“OK – we’ll look into that and figure out the best option. Then we’ll set up a time to meet. My People Will Be in Touch with Your People.” Then I remember. I have no people. I’ll be doing the research, the deciding and the scheduling. Sigh.
Like most of you, I have a job. A great one that takes up a good portion of my personal bandwidth. I also have a couple of side gigs that are challenging, enjoyable, and have the added benefit of bringing in a little extra income.
I also have another job – a complicated, sometimes stressful, and unpaid job: I’m the family administrative assistant.
You might be too. Who, in your family, keeps the grocery list updated? Who schedules appointments? Who calls the repair person when something breaks? Who pays the bills? Who takes care of the kids’ school permission slips? Who researches babysitters, summer camps, or cleaning services? Who buys cards and gifts and makes sure to remember birthdays and other social obligations?
Are you feeling tired yet? Those are just a few of the everyday tasks that must be taken care of within a modern middle class household. And we spend hours every week in this important but dull, unpaid, and largely invisible work.

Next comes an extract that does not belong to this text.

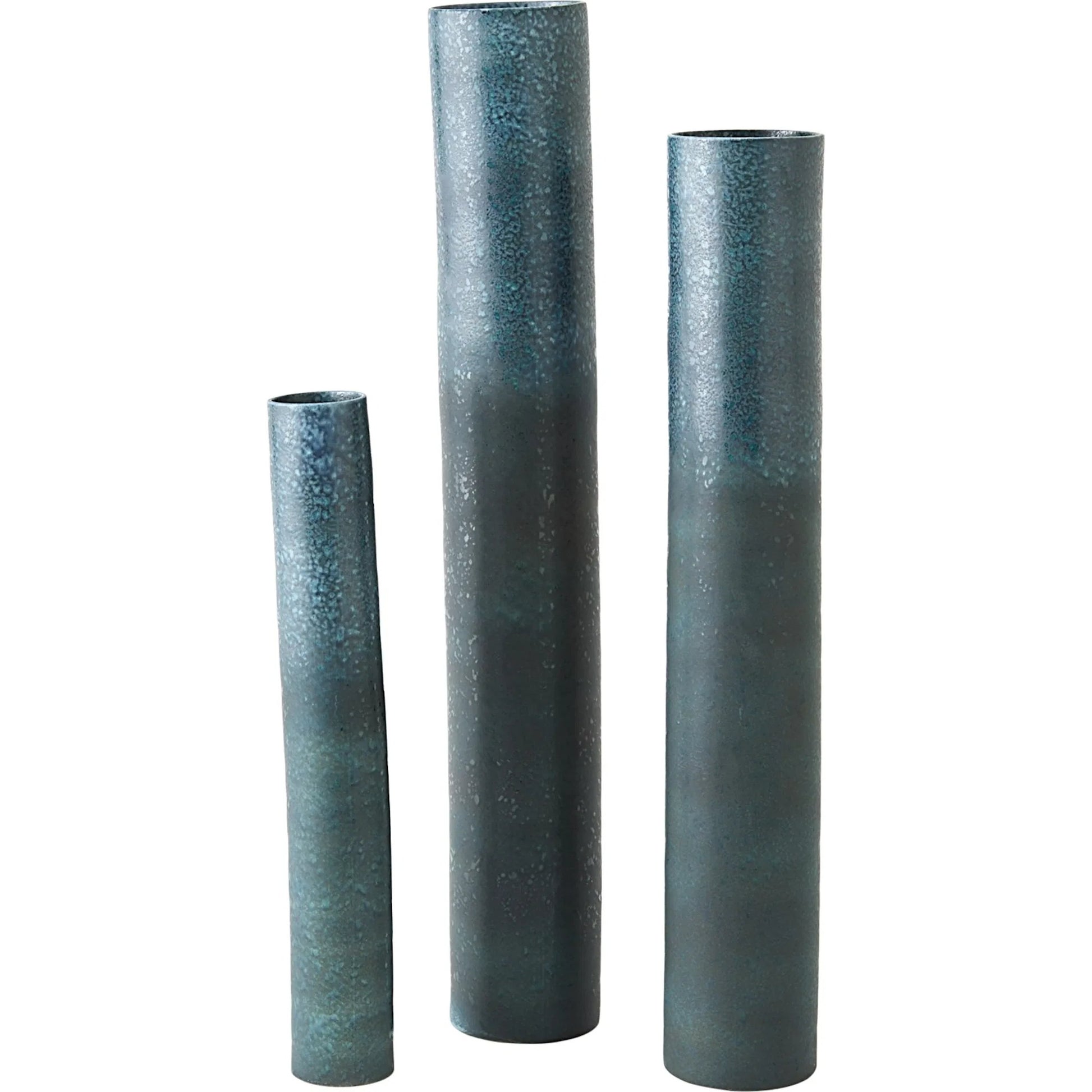 Teeter Vase by Global Views in reactive blue. Made from porcelain in a modern style.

Elizabeth Emens is the author of Life Admin: How I Learned to Do Less, Do Better, and Live More. She’s written a book on the hidden labor that takes up so much of our non-work lives and has the power to create tension, resentment, and real harm when not done well or ignored.
Here’s how she describes life admin:
“Admin is the office-type work that it takes to run a life and a household. As with actual office work, this life admin involves both secretarial and managerial labor—filling out forms, scheduling doctors’ appointments, sorting mail, making shopping lists, returning faulty products, paying bills and taxes, applying for government benefits or identification, making financial decisions, managing any outsourcing, and keeping track of everything that needs doing. This is the kind of work that you can spend a whole day doing and then wonder, Where did my day go?” If you’re an adult, you have life admin.

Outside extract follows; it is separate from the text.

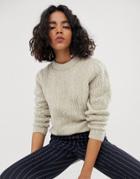 Asos Design Chunky Sweater With Stitch Detail-beige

Life admin takes up enormous amounts of time, money and resources we could be spending elsewhere. When life admin is not distributed equitably between spouses, partners, or roommates, it can cause conflict. As with money issues, if you and your partner don’t have similar admin styles, you might spend a good deal of time fighting about the business of getting business done.
Emens has identified four distinct life admin styles, based on two variables:
- Whether you’re getting admin done (feeling on top of it), and
- Whether you’re feeling good about it.
Super Doers get things done and feel good about doing it. They’re organized with great personized systems for managing their life admin. They don’t miss deadlines and are generally good at simplifying the work and delegating what makes sense for someone else to do. Spoiler alert: I am in this category. My work background includes work as an admin, and I am naturally organized. I also hate chaos; the idea of missing a bill payment or losing an important document makes my skin crawl. That’s why I choose to do most of the life admin in our home.

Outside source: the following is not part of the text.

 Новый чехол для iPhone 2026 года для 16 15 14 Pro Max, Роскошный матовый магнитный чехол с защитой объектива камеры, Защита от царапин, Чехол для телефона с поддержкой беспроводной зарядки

Reluctant Doers do life admin, but they hate every minute of it. They may not be a natural fit for organization or research, and they have to work harder to make things run smoothly. If they could, they’d give up life admin or ask someone else to help more, but they’re often force into the role by a partner who has a different style or can’t be relied upon to get things done. They often feel resentful and spend precious energy trying to get credit or thanks for doing the work and making it more visible to their partners (aka complaining.)
Avoiders don’t do life admin. Emens describes it this way: “The Avoider sees admin out there, flying right toward her, and ducks.” He may generally think of admin as something he’s bad at, and he’s willing to live with the consequences. Late fees, time spent searching for documents, resources spent re-doing projects or buying duplicate items – all just the price of doing business. They may feel guilt or shame about their avoidance, but they seem unwilling or unable to change. They’d rather spend their time on the important stuff of life. Usually, this carefree lifestyle is enable by a Doer who is there to rescue him or takes care of business for him.
Deniers don’t do life admin. They don’t even acknowledge it exists. They blithely ignore messages, emails, and don’t bother to open their snail mail. They’ve often been enabled by Super Doer parents or a spouse or an efficient work assistant who handles everything flawlessly. They don’t even see the admin; somehow, bills get paid, groceries appear and things get done. Life is good for a Denier, who vaguely wonders what all the fuss is about and why her parents are always so grumpy about boring things like bills.
Which style are you? Which style is your partner? Do you fight about life admin? We’ll tackle some of the issues and solutions for life admin in future posts.